New Criminal Filings - Every day, all new criminal cases filed in the city are posted to this website: https://www.courts.phila.gov/NewCriminalFilings/date/. These contain general information about the case, like the person’s name, the main charge, whether bail was set, and the docket number
Docket: Dockets are PDFs containing detailed information about a given case. They are publicly available at this website: https://ujsportal.pacourts.us/DocketSheets/MC.aspx. Dockets contain information that the New Criminal Filings website does not, like the name of the magistrate who set the bail, the defendant’s race. A docket is updated as the case progresses to reflect the next court hearing, as well as the case outcome when it concludes. The URL to access a given docket has a unique hash, so it is difficult to scrape them.
Court Summary: Court Summaries are also available from the docket website. They contain a defendant’s entire PA court history, so they’ll have information about a defendant’s current case as well as any other ongoing or concluded ones. They also have unique hashed URLs.
Scraping: Scraping is the process of extracting data, specifically from New Criminal Filings and dockets, so that the data can be compiled and analyzed.

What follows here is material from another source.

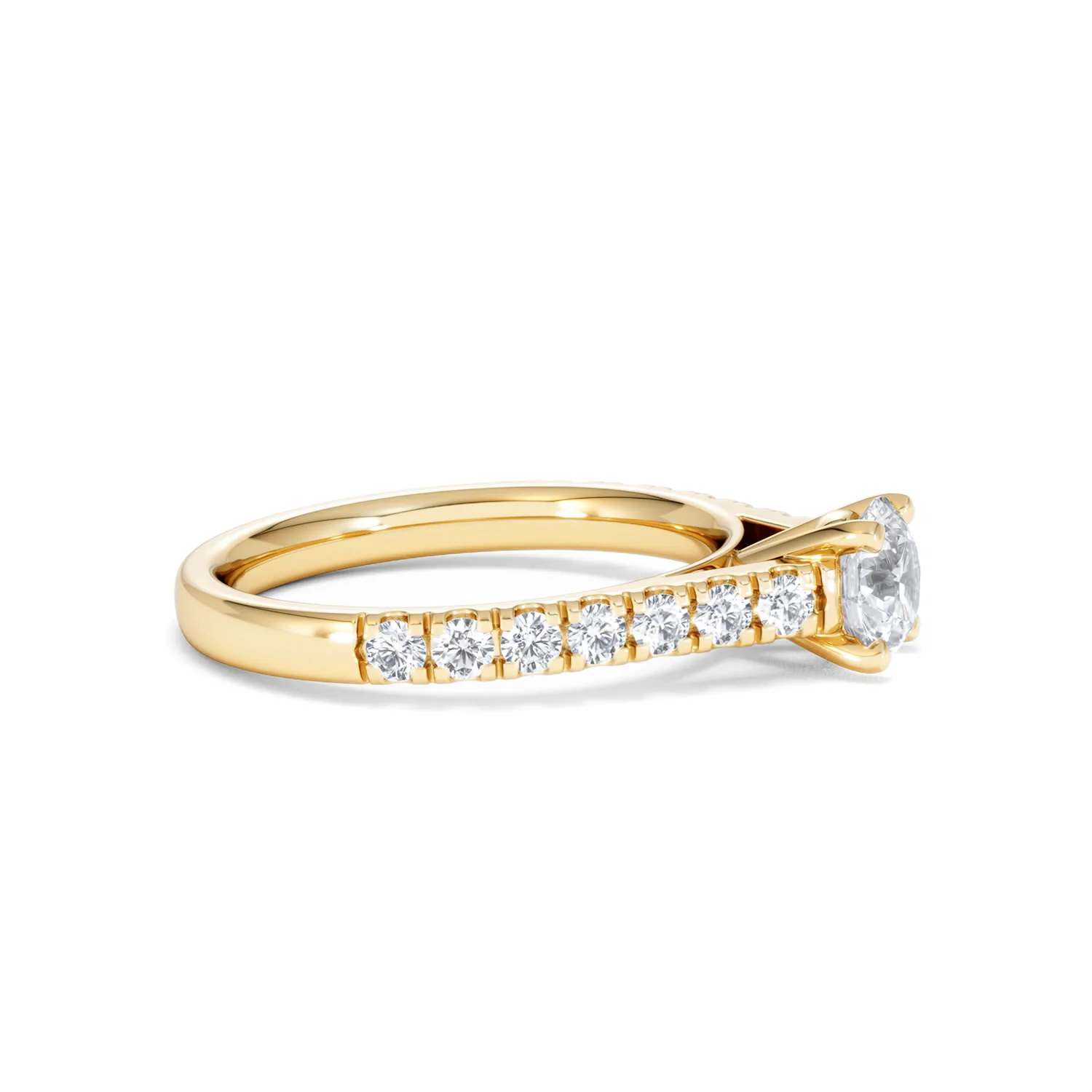 Natalia GIA Diamond Engagement Side Stone Ring 18K Gold 1.15CT G/SI2 - Image 24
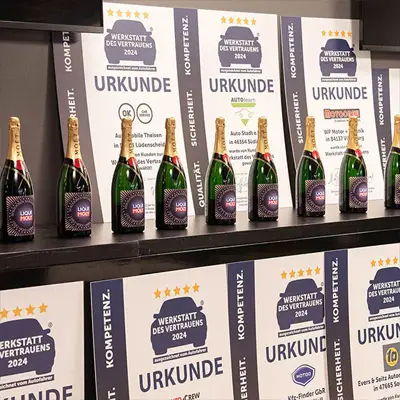 WERKSTATT DES VERTRAUENS (WDV) Gewinnerurkunden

Parsing: Once data has been scraped, or pulled from New Criminal Filings and dockets, the data has to be converted, or parsed, into a more readable format. Parsing the data allows for better analysis.
Script: A script is a sequence of instructions that is interpreted by a program, like Python.
Query: Once data has been scraped and parsed into a large database, specific metrics or measures can be pulled in smaller pieces using a written request, or query.
API: An application programming interface (API) is a computing interface which defines interactions between multiple software intermediaries. It defines the kinds of calls or requests that can be made, how to make them, the data formats that should be used, the conventions to follow, etc.
Cloud: The cloud is a general metaphor that is used to refer to the Internet. For our purposes, the "cloud" refers to online database storage.
CSV: A comma separated values (CSV) file contains different values separated by a delimiter, which acts as a database table or an intermediate form of a database table. In other words, a CSV file is a set of database rows and columns stored in a text file such that the rows are separated by a new line while the columns are separated by a semicolon or a comma. A CSV file is primarily used to transport data between two databases of different formats through a computer program.
Dashboard: After specific metrics have been queried from the data, it's often useful to visualize and display key findings using a dashboard, a graphical user interface that allows an at-a-glance look at the data.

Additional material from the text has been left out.